*Your objective*
Among the lines below, copy exactly those from the one with "Large Walk‑in Tunnel" through the one with "Laptop Ryden Mark", counting both ends.

*Task data*
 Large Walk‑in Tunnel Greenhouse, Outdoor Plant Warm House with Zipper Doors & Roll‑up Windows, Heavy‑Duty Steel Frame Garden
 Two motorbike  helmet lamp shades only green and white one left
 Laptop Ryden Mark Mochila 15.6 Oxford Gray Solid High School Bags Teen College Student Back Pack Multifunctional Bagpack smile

* * *

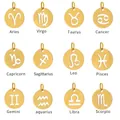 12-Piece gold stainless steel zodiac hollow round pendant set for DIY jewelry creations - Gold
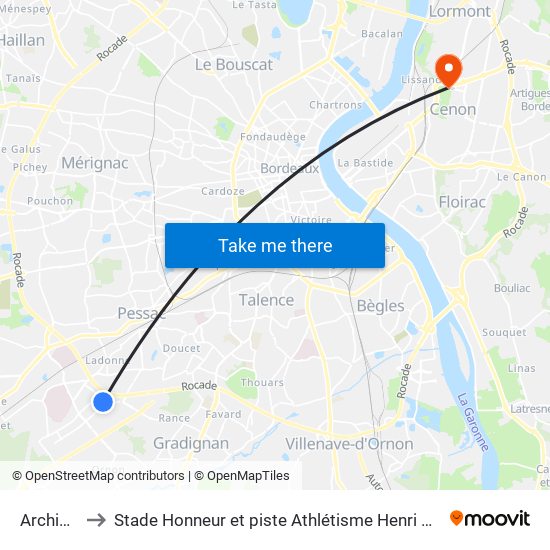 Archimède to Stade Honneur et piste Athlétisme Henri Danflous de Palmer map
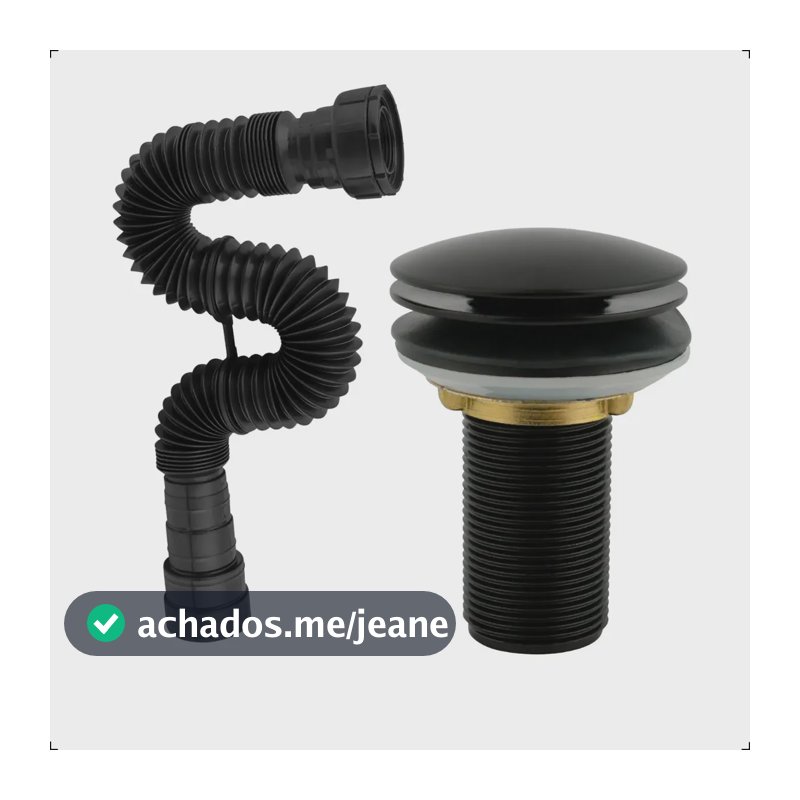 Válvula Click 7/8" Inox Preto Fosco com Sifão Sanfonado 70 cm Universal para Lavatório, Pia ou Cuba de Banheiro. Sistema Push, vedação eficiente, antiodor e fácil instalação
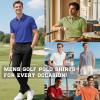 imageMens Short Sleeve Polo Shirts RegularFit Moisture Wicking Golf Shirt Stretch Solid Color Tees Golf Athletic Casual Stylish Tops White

---

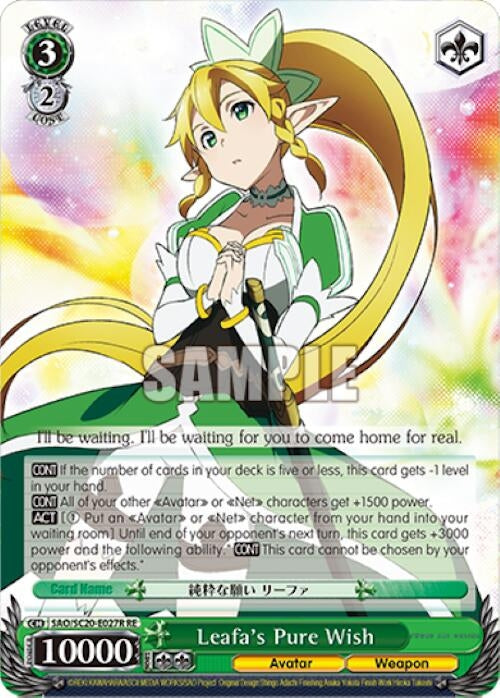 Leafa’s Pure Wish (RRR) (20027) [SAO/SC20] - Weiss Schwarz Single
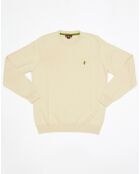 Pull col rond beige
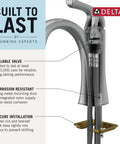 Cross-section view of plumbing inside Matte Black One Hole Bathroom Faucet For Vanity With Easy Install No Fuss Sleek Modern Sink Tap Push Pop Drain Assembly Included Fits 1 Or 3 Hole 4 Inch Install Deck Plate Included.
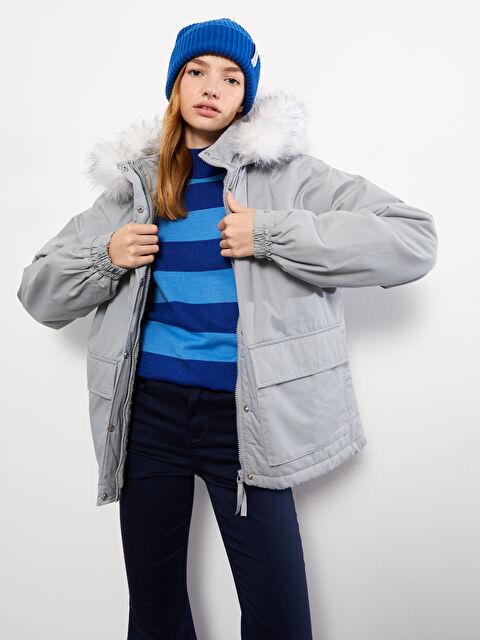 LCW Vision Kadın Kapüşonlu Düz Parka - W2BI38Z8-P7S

*Answer box*
 Large Walk‑in Tunnel Greenhouse, Outdoor Plant Warm House with Zipper Doors & Roll‑up Windows, Heavy‑Duty Steel Frame Garden
 Two motorbike  helmet lamp shades only green and white one left
 Laptop Ryden Mark Mochila 15.6 Oxford Gray Solid High School Bags Teen College Student Back Pack Multifunctional Bagpack smile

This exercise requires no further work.